National

Solar energy in Colo. puts gas into shadows

DURANGO, Colo. —The sun had just crested the distant ridge of the Rocky Mountains, but already it was producing enough power for the electric meter on the side of the Smiley Building to spin backward.

For the Shaw brothers, who converted the downtown arts building and community center into a miniature solar power plant two years ago, each reverse rotation subtracts from their monthly electric bill. It also means the building at that moment is producing more electricity from the sun than it needs.

"Backward is good," said John Shaw, who runs Shaw Solar and Energy Conservation, a local solar installation company.

Good for whom?

As La Plata County in southwestern Colorado looks to shift to cleaner sources of energy, solar is becoming the power source of choice even though it still produces only a small fraction of the region's electricity. It's being nudged along by tax credits and rebates, a growing concern about the gases heating up the planet, and the region's plentiful sunshine.

The natural gas industry, which produces more gas here than nearly every other county in Colorado, has been relegated to the shadows.

With the county and city drawing up plans to reduce the emissions blamed for global warming and Congress weighing the first mandatory limits, the industry once again finds itself on the losing side of the debate.

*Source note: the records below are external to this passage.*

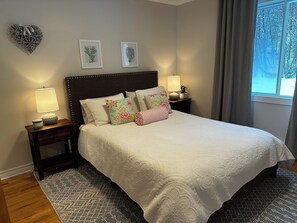 3 slaapkamers, een bureau, een strijkplank/strijkijzer, gratis wifi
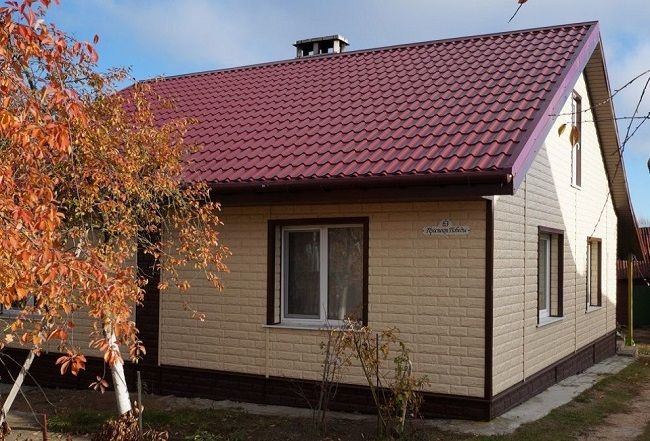 Сайдинг виниловый Ю-Пласт Stone House Камень Золотистый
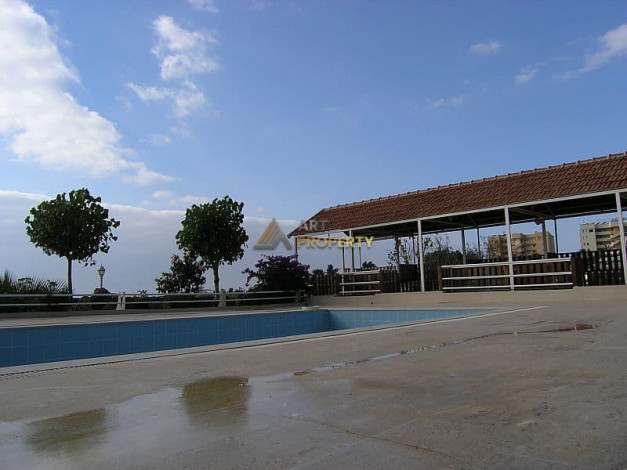 ID  1043 Просторная двухуровневая квартира 4+1 с видом на море в районе Кестель, 245 м2 - Ракурс 5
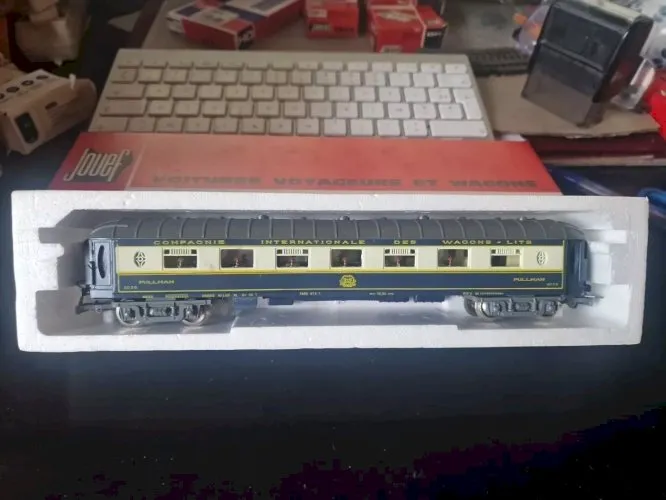 VOITURE MINIATURE TRAIN HO JOUEF PULLMAN C.I.W.L. REF. 5610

A recent greenhouse-gas inventory of La Plata County found that the thousands of natural gas pumps and processing plants dotting the landscape are the single largest source of heat-trapping pollution locally.

That has the industry bracing for a hit on two fronts if federal legislation passes.

First, it will have to reduce emissions from its production equipment to meet pollution limits, which will drive up costs. Second, as the county's largest consumer of electricity, gas companies probably will see energy bills rise as the local power cooperative is forced to cut gases released from its coal-fired power plants or purchase credits from other companies that reduce emissions.

"Being able to put solar systems on homes is great, you take something off the grid, it is as good as conserving," said Christi Zeller, the executive director of the La Plata Energy Council, a trade group representing about two dozen companies that produce the methane gas trapped within coal buried underground.